Es una guerra de desgaste que bien merece ese nombre. Solo que, a menudo, se mantiene a "fuego lento", como ocurrió en la noche del domingo al lunes y al amanecer de este inicio de semana.
Bien entrada la noche del domingo, el ejército estadounidense informó haber detectado (probablemente por satélite) a milicianos de los Guardianes de la Revolución Islámica preparando dos rampas de lanzamiento de cohetes capaces de dispersar minas en el estrecho de Ormuz. Poco después de este anuncio, el ejército de EE. UU. lanzó, durante la noche, ataques aéreos contra posiciones de los Pasdaran en la isla de Larak, causando varios muertos y heridos, según fuentes de los Guardianes de la Revolución.
En represalia por estos ataques, los Pasdaran lanzaron al amanecer del lunes varios misiles balísticos en dirección a dos bases estadounidenses en Jordania. El ejército jordano afirmó haber interceptado dichos misiles antes de que alcanzaran su objetivo. Más tarde, durante la mañana del lunes, los Emiratos Árabes Unidos indicaron haber neutralizado un dron en su espacio aéreo.

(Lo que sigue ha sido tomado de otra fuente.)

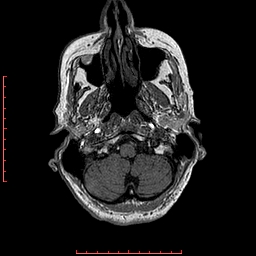Choroid plexus xanthogranuloma (Radiopaedia 67843-77270 Axial T1 142).jpg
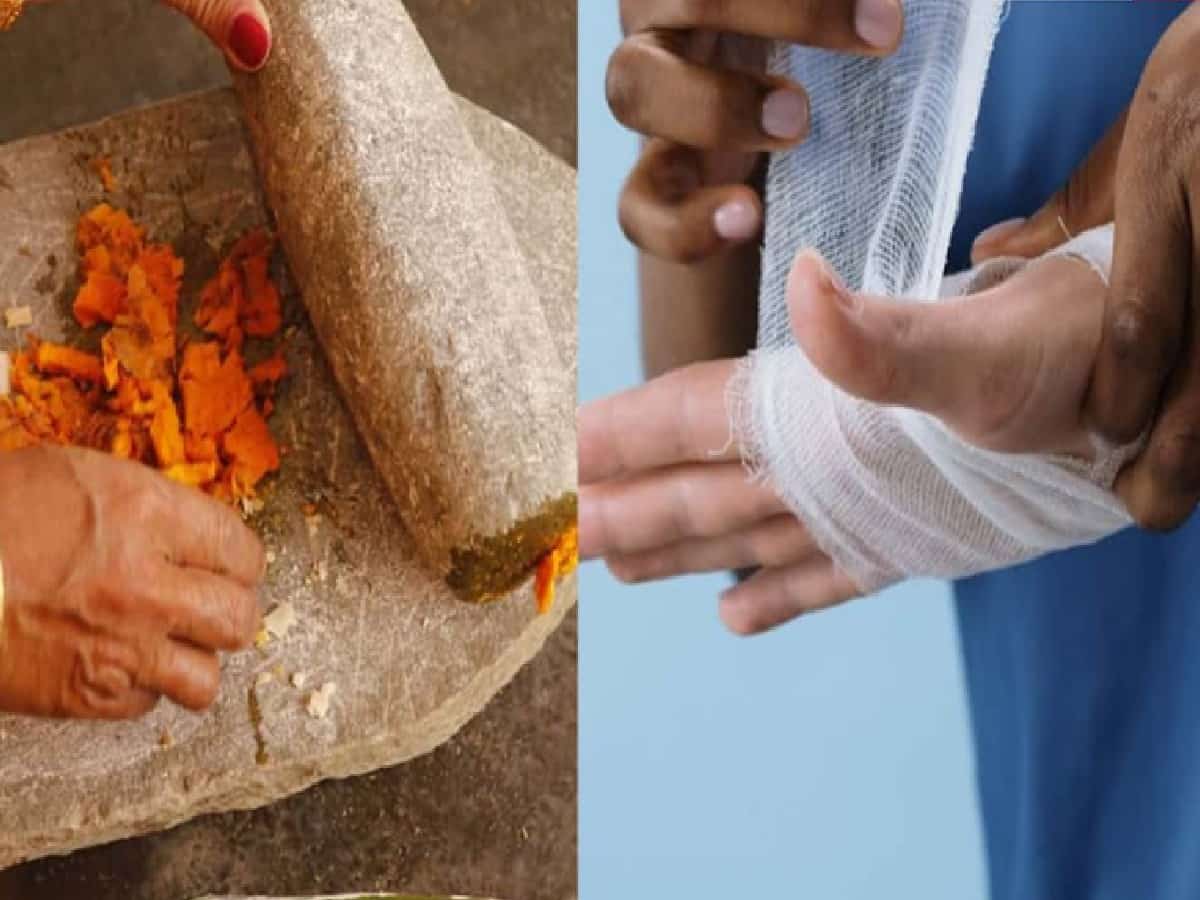 Turmeric for Wounds: Is Applying Haldi Safe for Every Cut, Here Is What Experts Say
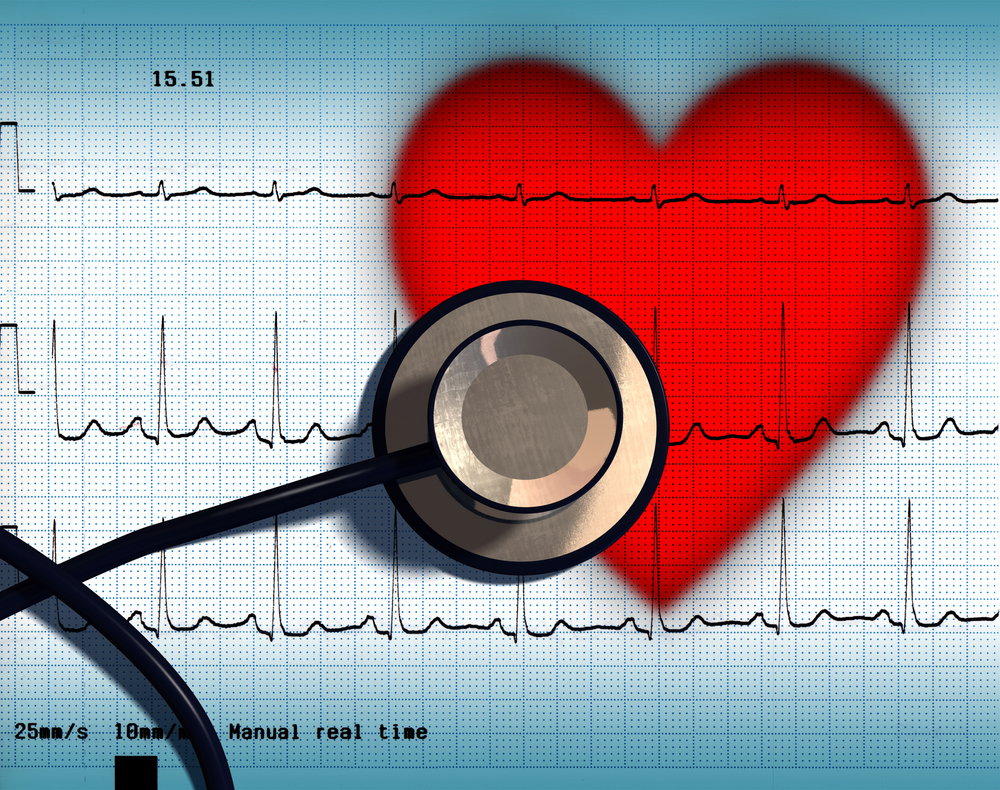 Nieznane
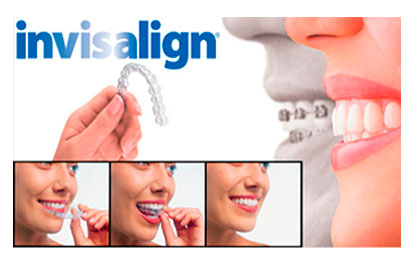 abans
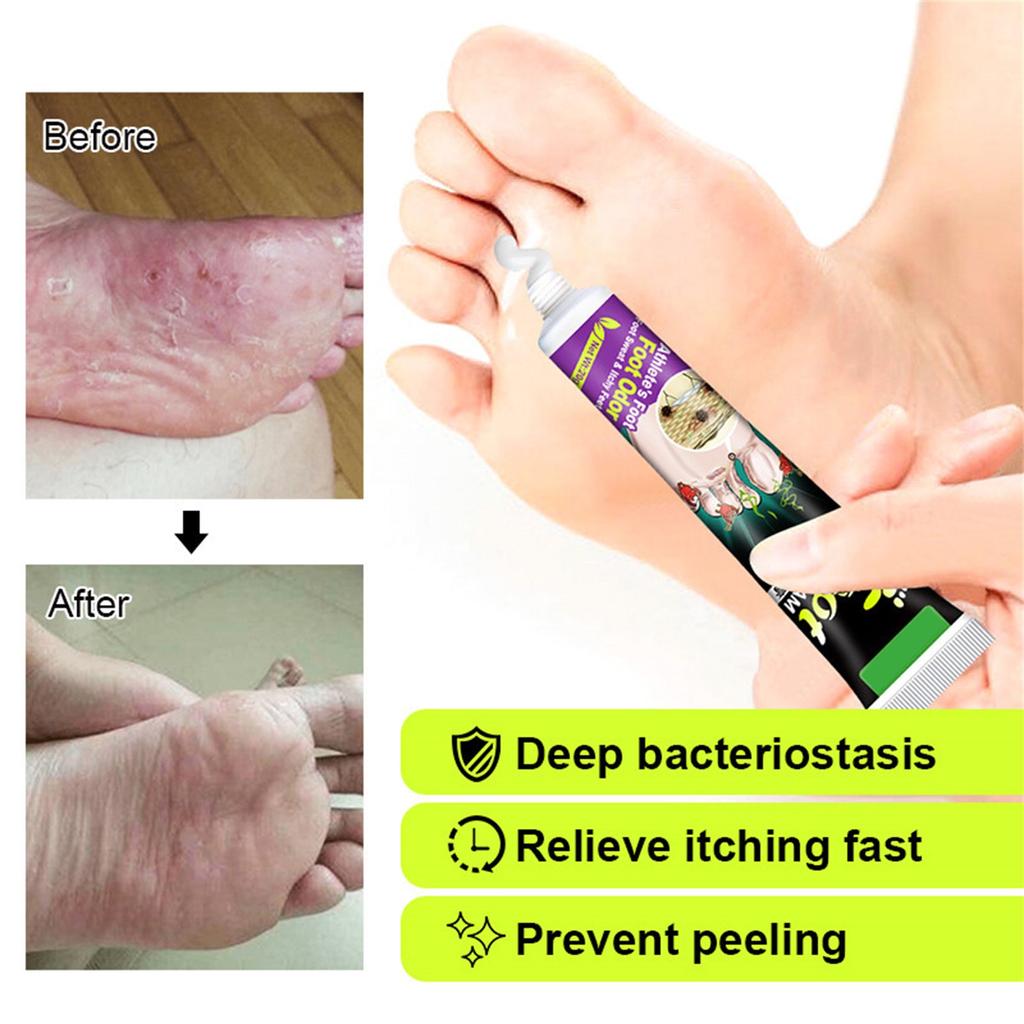 Bálsamo herbal para el cuidado del pie de atleta (20 g). Trata eficazmente el mal olor de pies, la picazón, los pies podridos y el pie de atleta, además de hidratar y proteger la piel seca.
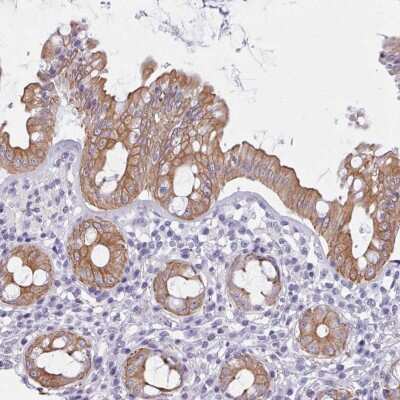 Immunohistochemistry: FPGS Antibody [NBP2-48965]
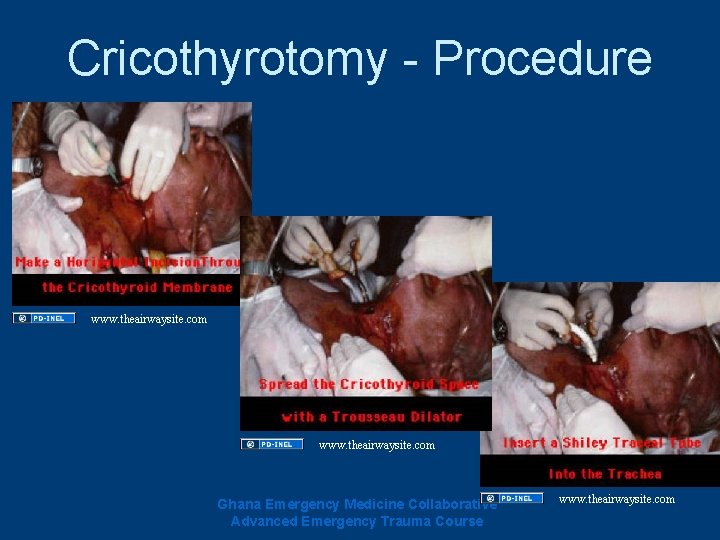 Cricothyrotomy - Procedure www. theairwaysite. com Ghana Emergency Medicine Collaborative Advanced Emergency Trauma Course Cricothyrotomy - Procedure www. theairwaysite. com Ghana Emergency Medicine Collaborative Advanced Emergency Trauma Course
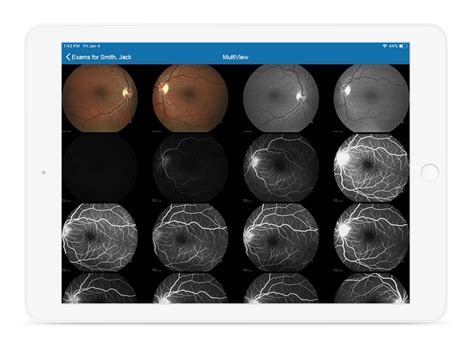 Image result for Eyefinity Tutorial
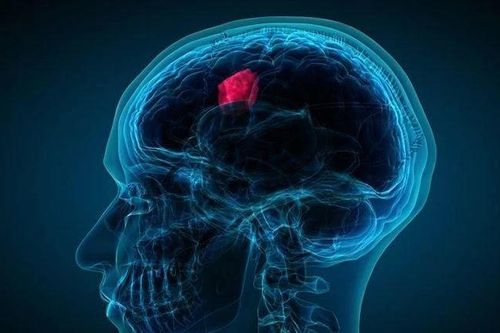 Rối loạn nội tiết hiếm gặp, người đàn ông uống 10 lít nước/ngày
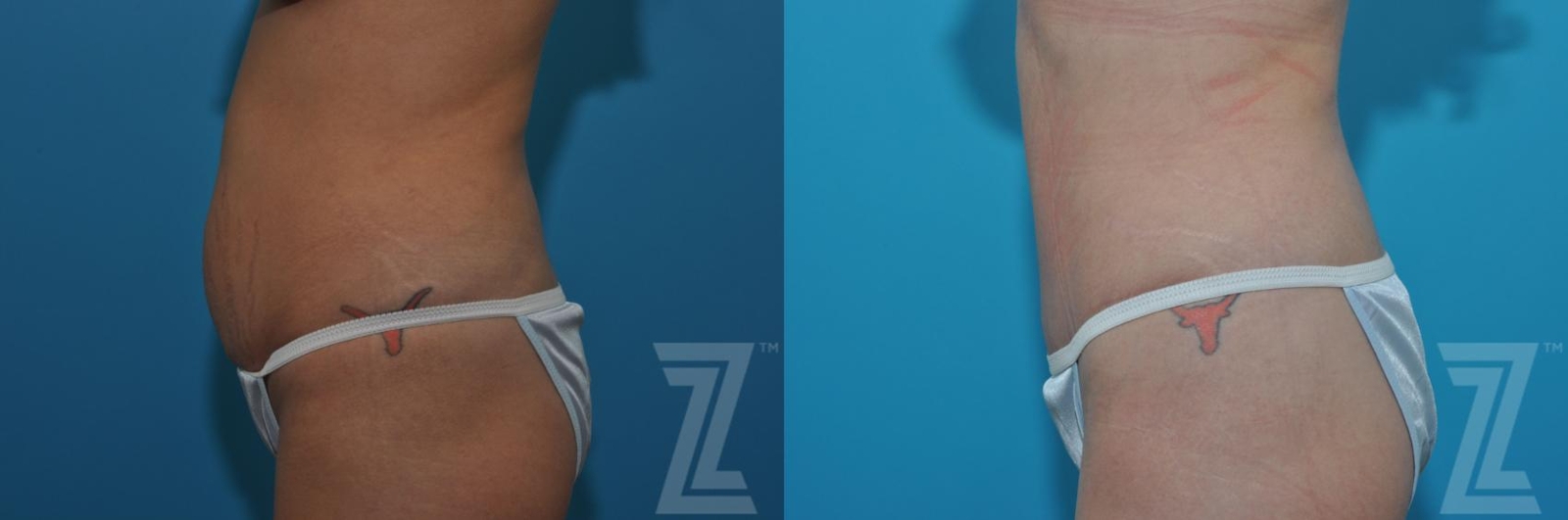 Austin Tummy Tuck Before & After Gallery - Patient 132886879 - Image 2 - The Piazza Center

Una cierta confusión reinó el lunes a mediodía en torno a la zona bombardeada por la aviación estadounidense. En un primer momento, fuentes americanas desmintieron que la isla de Larak hubiera sido el objetivo de los ataques y señalaron que fue la isla de Kharg la que resultó atacada. Sin embargo, al caer la tarde, un funcionario estadounidense confirmó que fue efectivamente Larak la que sufrió el ataque.
En cualquier caso, el presidente Donald Trump aportó el lunes una precisión de peso al señalar que “el centro energético de la isla de Kharg está siendo reducido a escombros”.
El jefe de la Casa Blanca afirmó además que el ejército estadounidense respondería a los ataques de misiles llevados a cabo por los Pasdaran al amanecer del lunes. “Habrá una respuesta y los golpearemos con fuerza”, precisó el presidente Trump, lo que hacía suponer que la represalia americana podría producirse en la noche del lunes. En este contexto, un alto funcionario estadounidense indicó el lunes que el presidente Trump estudia un plan destinado a reanudar ataques aéreos contra los Pasdaran con el fin de impedir que vuelvan a colocar minas en el estrecho de Ormuz. Cabe recordar que la Administración Trump subrayó recientemente que el ejército estadounidense había concluido las operaciones de desminado en Ormuz, lo que explicaría los intentos de los pasdanes de minar nuevamente dicho estrecho.
Para cerrar este capítulo de la guerra de desgaste entre Irán y EE. UU., cabe señalar que los Guardianes de la Revolución afirmaron el lunes que cualquier ataque estadounidense contra posiciones iraníes sería seguido de una represalia “diez veces más contundente, sabiendo que no existe ningún objetivo en la región que esté fuera de nuestro alcance”. Esta amenaza fue implícitamente rechazada el lunes por la noche por el presidente iraní, quien afirmó que una eventual reanudación de las operaciones militares no es en absoluto del interés de Irán.
Aoun en Atenas
En el ámbito libanés, el presidente Joseph Aoun realizó una visita oficial a Atenas el lunes, donde se reunió con su homólogo griego, Konstantinos Tasoulas, y con el primer ministro griego, Kyriakos Mitsotakis. El presidente Tasoulas destacó en esta ocasión que las conversaciones entre el Líbano e Israel ayudarán al Líbano a consolidar su independencia y a vivir en un clima de prosperidad, en el marco de la aplicación de la resolución 1701.
En tierra, aviones israelíes llevaron a cabo cuatro ataques aéreos a última hora del lunes contra la ciudad de Mansouri, en el distrito de Tiro.